Exercise requirements: Give again, exactly and only, the lines running from the one with "Tulip bulbs Pink Impression - huge pink ..." to the end of the material below; leave out pictures.

Task data:
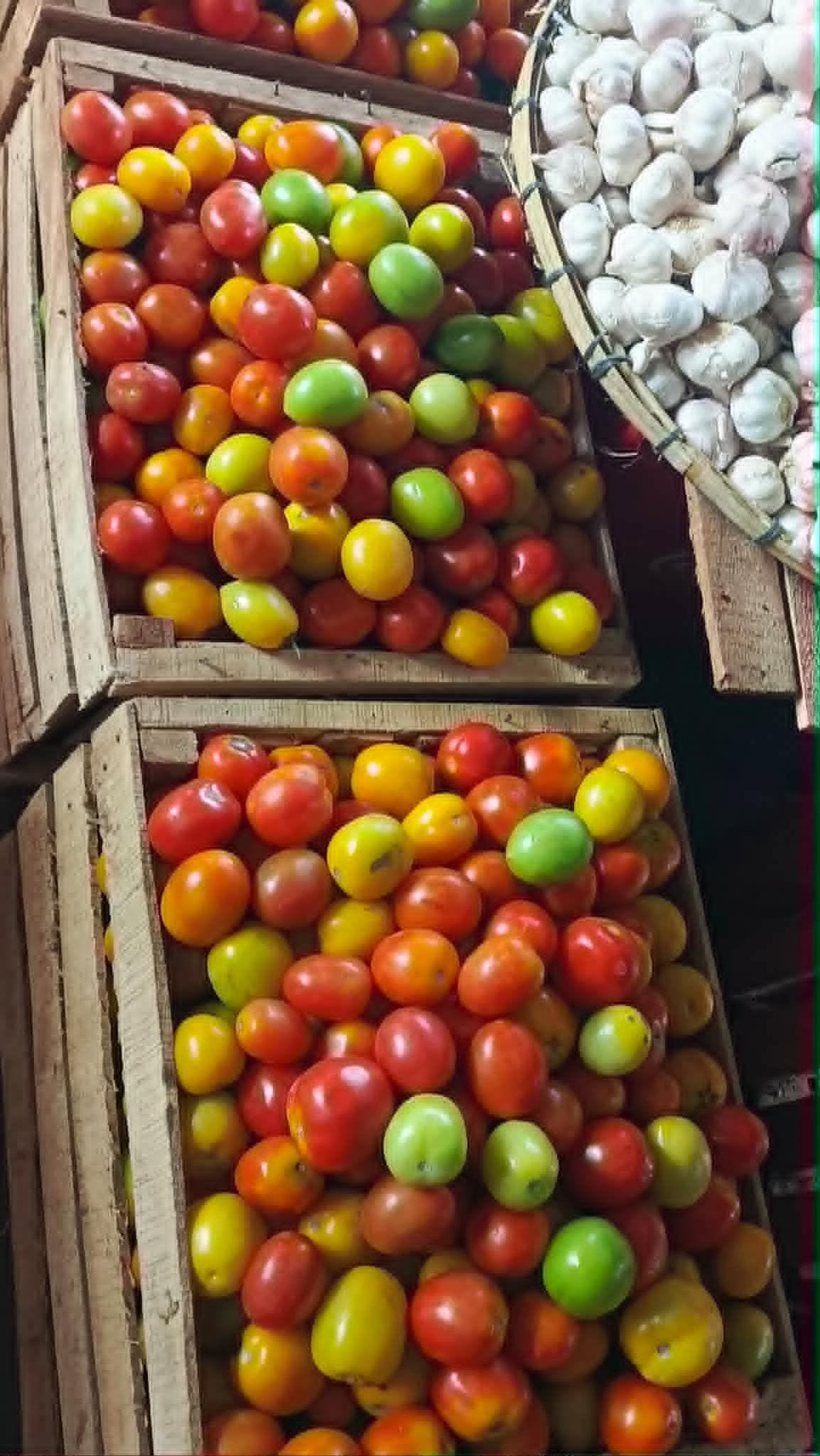 Tomato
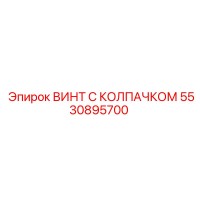 5530895700 ВИНТ С КОЛПАЧКОМ Epiroc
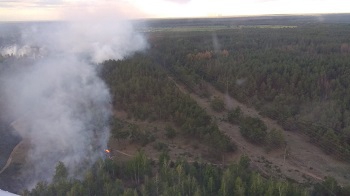 Пожар в зоне Чернобыля: есть отдельные очаги горения  фото
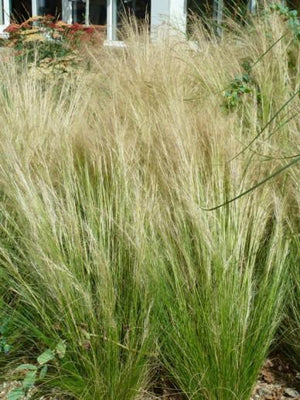 Vedergras (Stipa tenuissima 'Pony Tails™')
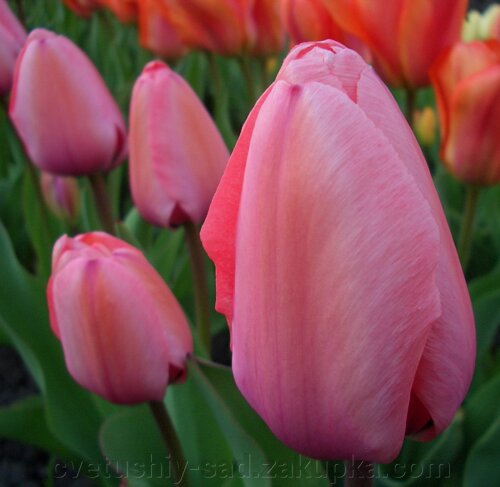 Tulip bulbs Pink Impression - huge pink ...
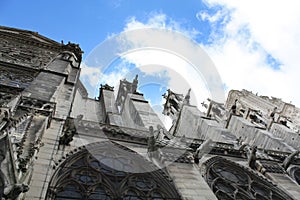 Notre Dame Paris with gargoyles cathedral in France.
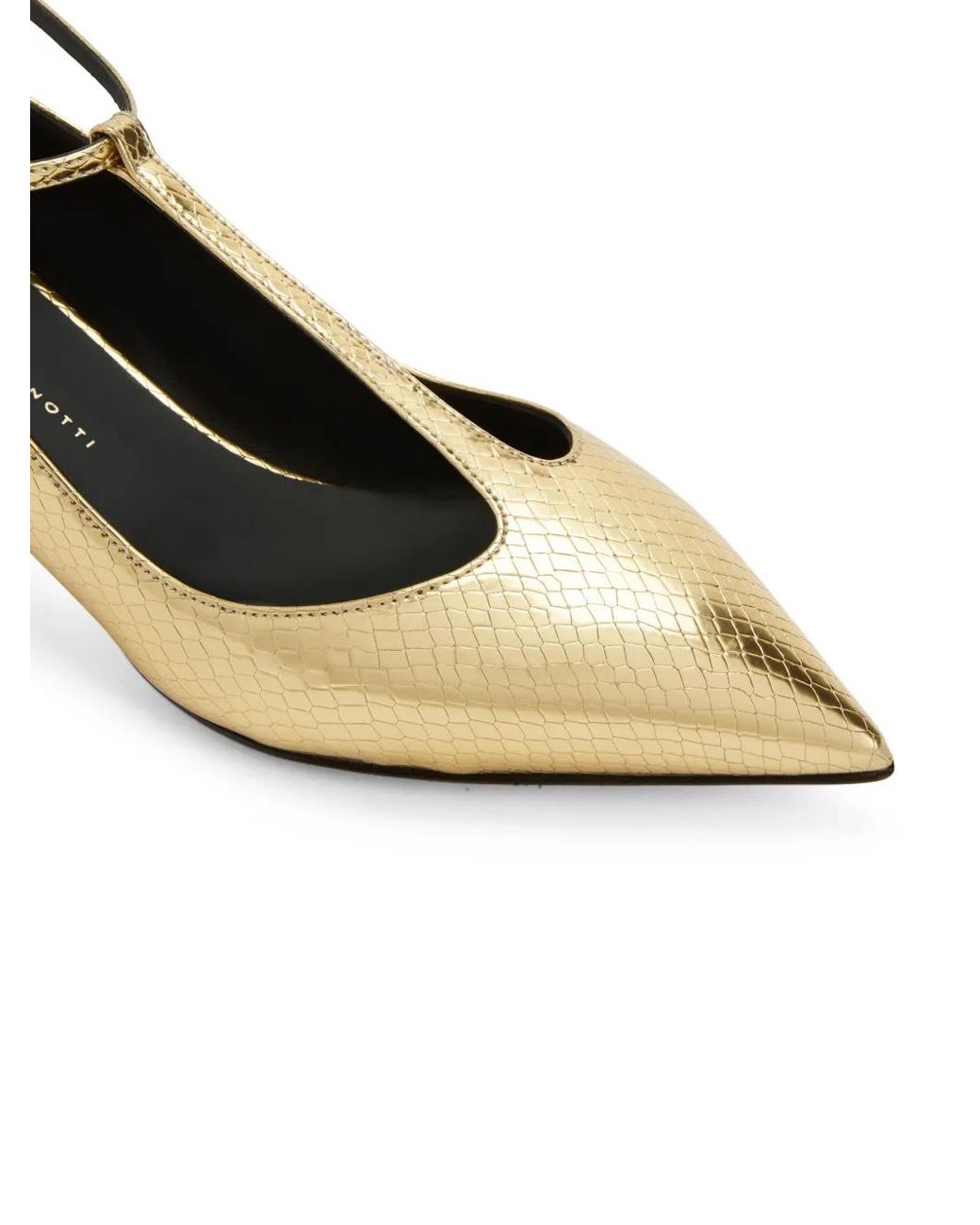 Giuseppe Zanotti Natural Pumps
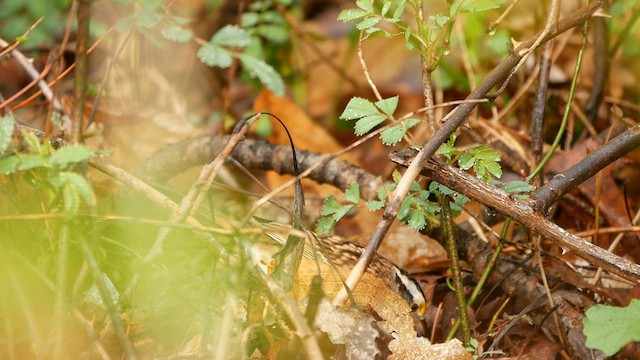 White-throated Sparrow - ML565253611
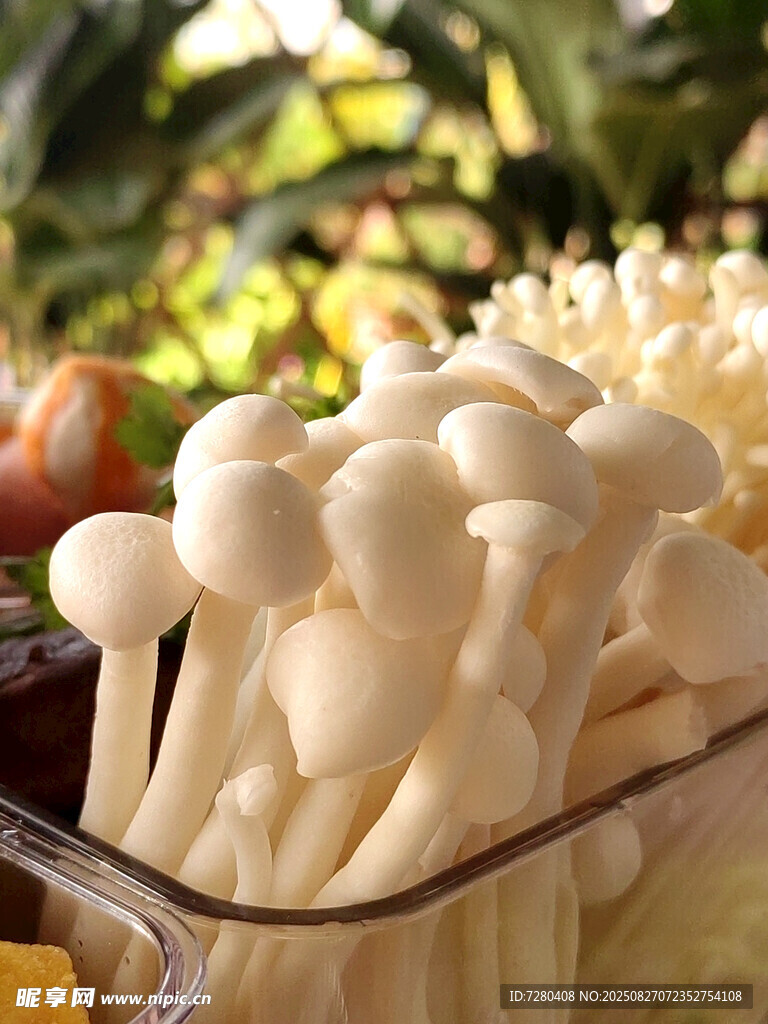 新鮮白玉菇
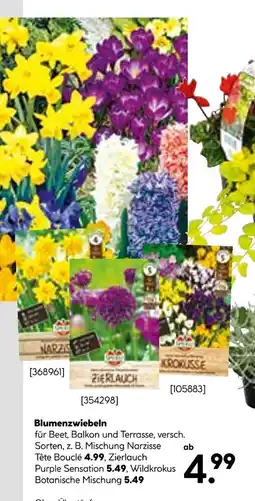 Hellweg Blumenzwiebeln Angebot
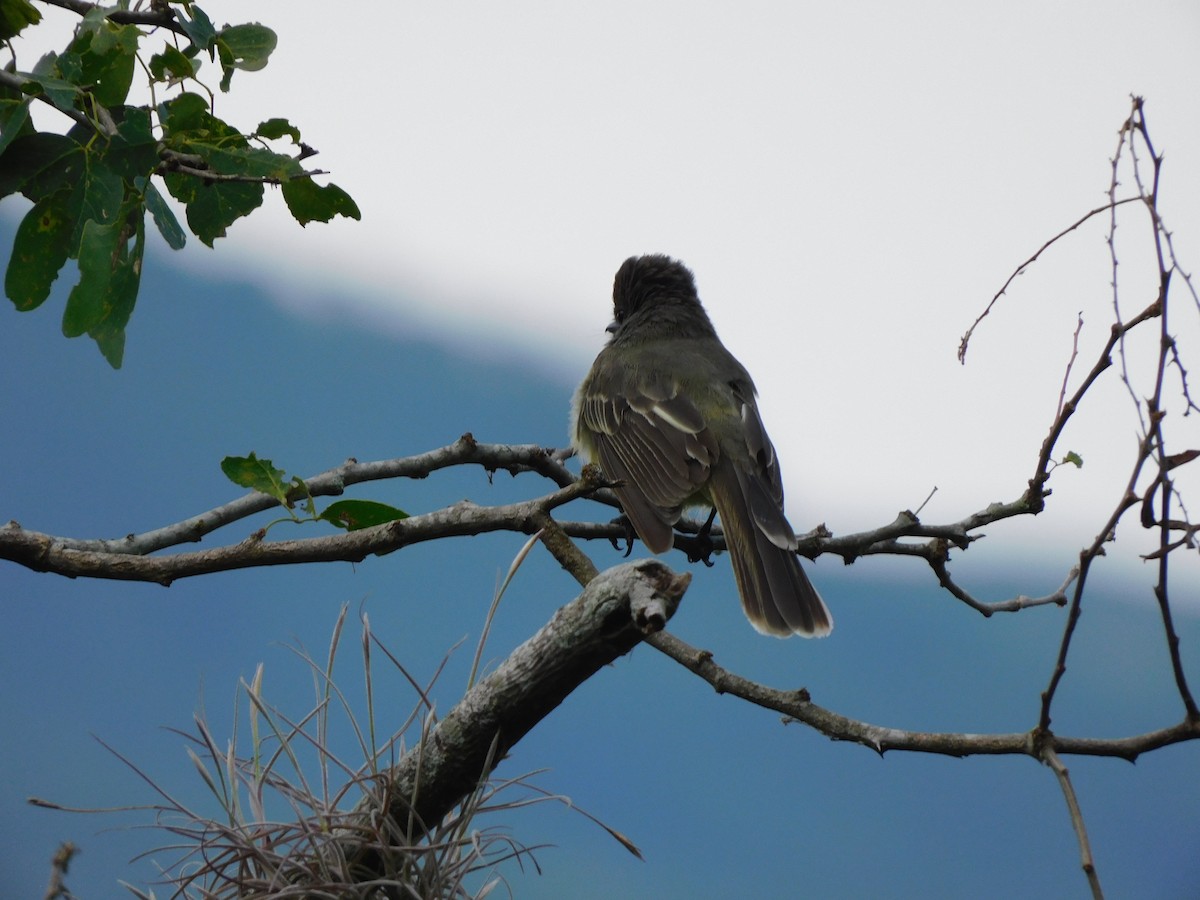 Apical Flycatcher - ML571738321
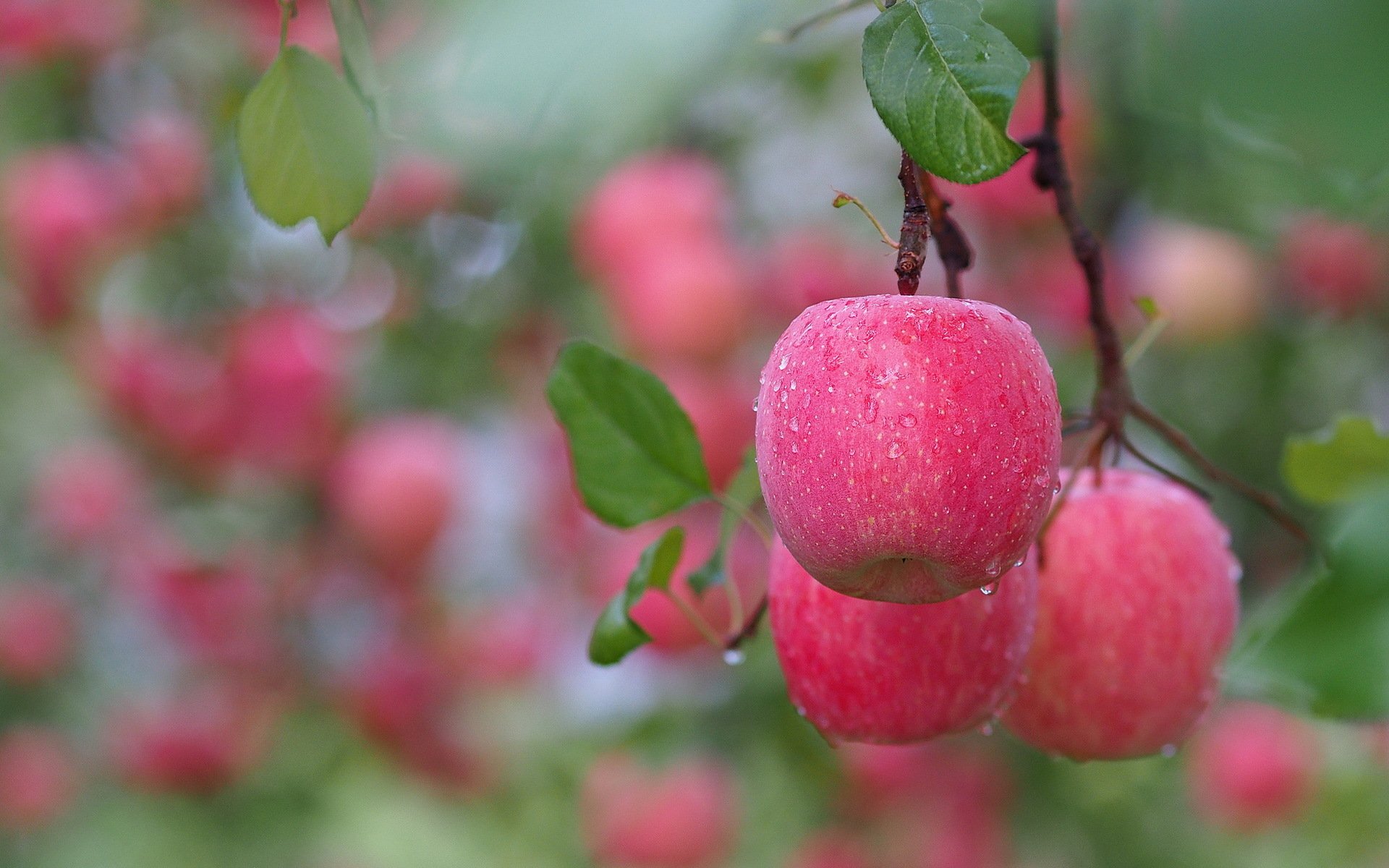 branch leaves fruit apples pink water droplets after the rain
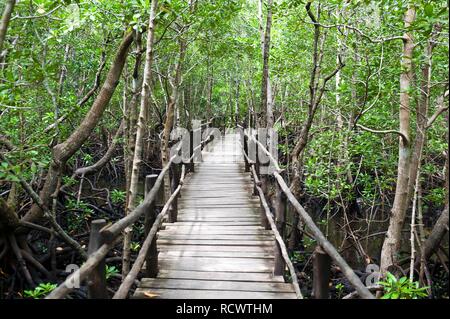 Holzsteg durch Mangroven (Rhizophora), Wald, Jozani-Chwaka-Bay National Park, Sansibar, Tansania Stockfoto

Response to this task:
 Tulip bulbs Pink Impression - huge pink ...
 Notre Dame Paris with gargoyles cathedral in France.
 Giuseppe Zanotti Natural Pumps
 White-throated Sparrow - ML565253611
 新鮮白玉菇
 Hellweg Blumenzwiebeln Angebot
 Apical Flycatcher - ML571738321
 branch leaves fruit apples pink water droplets after the rain
 Holzsteg durch Mangroven (Rhizophora), Wald, Jozani-Chwaka-Bay National Park, Sansibar, Tansania Stockfoto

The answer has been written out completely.